I laughed weakly, bitter, coughing blood into the corner of my mouth. "Worked, didn't it?"

Her fury crashed into me like waves. "Insolent mortal! You profane My relic. You spit upon My blessing. You are unworthy to touch what belongs to Me!"

But the Beacon stayed in my grip. It didn't vanish, didn't flee back to her pedestal. It had chosen me. And that burned her more than my defiance.

"I'm not your pawn," I rasped, forcing myself unsteadily to my feet. My whole body shook, but I stood anyway. Sword in one hand. Beacon in the other. "I don't care about your blessing. I fight because I refuse to die. I live because I refuse to bow. And your Beacon—" I raised it slightly, its glow reflecting in my bloodied face. "—chose me."

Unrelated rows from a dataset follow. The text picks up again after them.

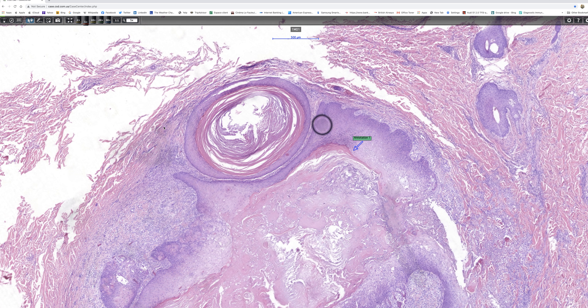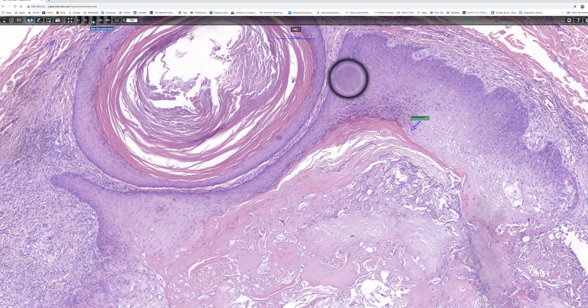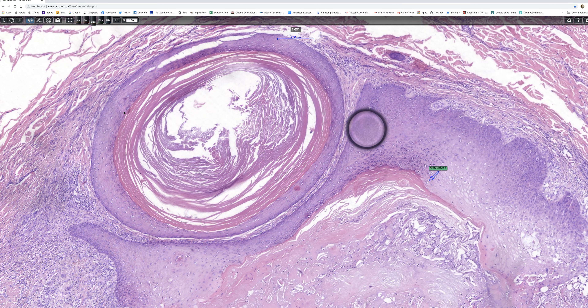I think that's fine for that part of the lesion. So we could regard this bit as typical epidermoid cyst.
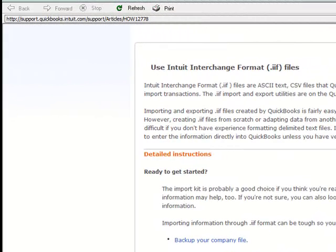In this section we're going to go over how to import journal entries from Excel into QuickBooks.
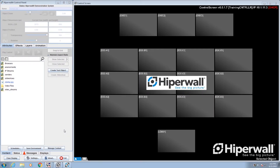Welcome to the spotlight from Hyperwall on importing content. Importing any local content such as images or video files into your Hyperwall controller is very easy.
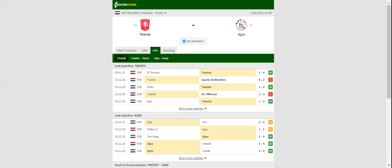All eyes will be on this Eredivisie Round 16 match. The home team aims to build on a thrilling 4-1 win over Emmen and are likely to stick to their attacking style of play.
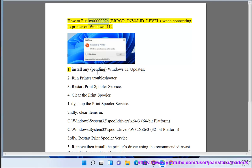How to fix 0x0000007C Error Invalid Level when connecting to printer on Windows 11.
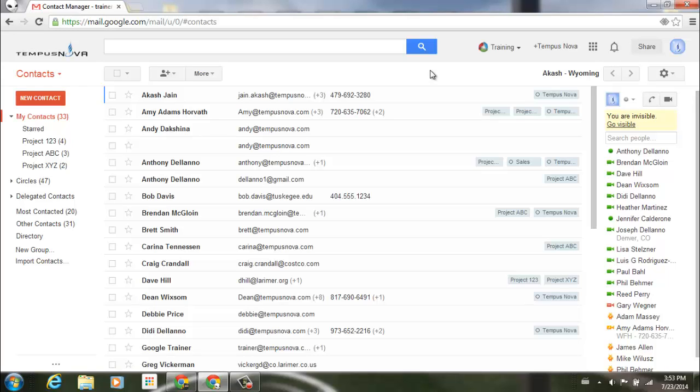Google has just added a new feature to your contacts. If you're one of those people that works with delegated contacts, you now have the ability to search through those contacts. For example, right now to the left side of my screen I'm in my contacts.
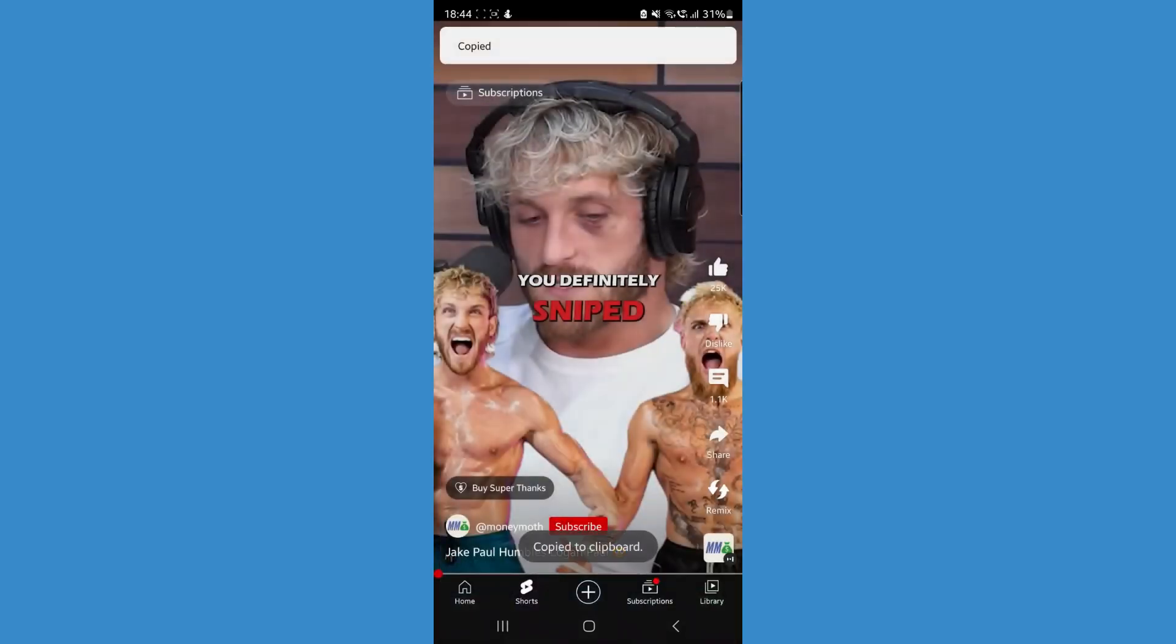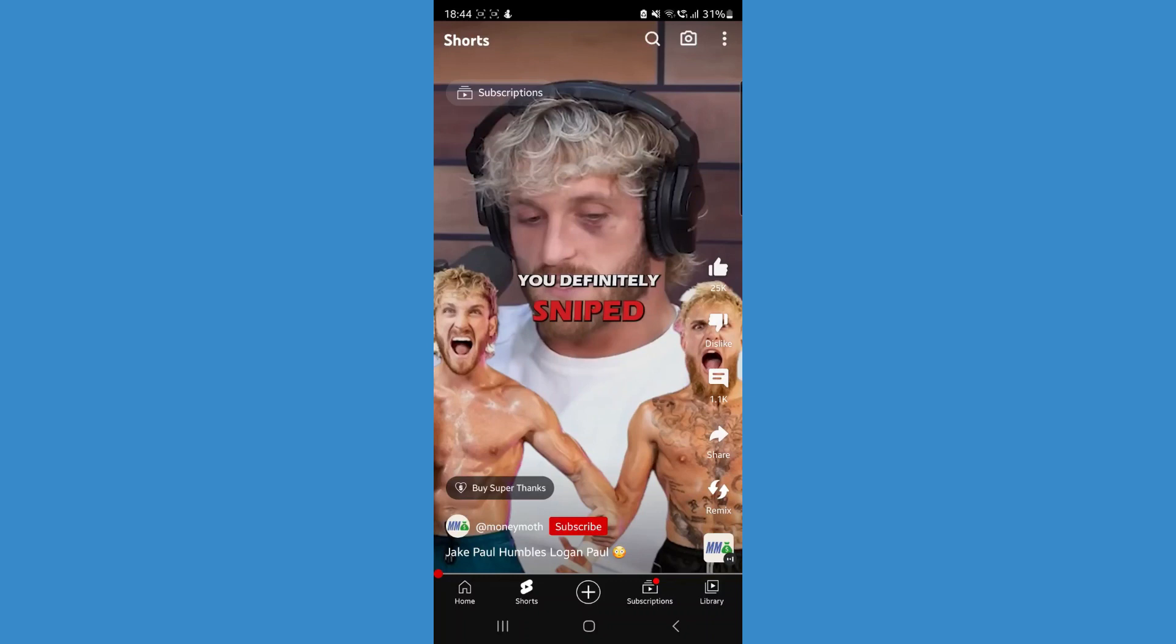Click on copy link and you will now see that the link has been copied. And that's just how simple it is to copy a YouTube Shorts link.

Her silence cut sharper than her rage. For a long moment, nothing stirred in the temple. Then at last—

"Defiant. Reckless. Insufferable mortal." Her words dripped like venom. Then, quieter, cracking at the edges before regaining Daedric composure: "And yet… you stand. The darkness is destroyed. My will is done. Against My command. Against My words. You… succeeded."

It was like dragging a confession out of her by force.

I smirked faintly, too tired to do much else. "Guess you'll have to deal with me a little longer."

Her presence surged—furious, unrelenting—but she didn't strike me down. Couldn't.

The Beacon pulsed once in my hand. Alive. Mine.

And for the first time since stepping into this cursed temple, I exhaled. The battle was over.

But Meridia's fury was far from finished.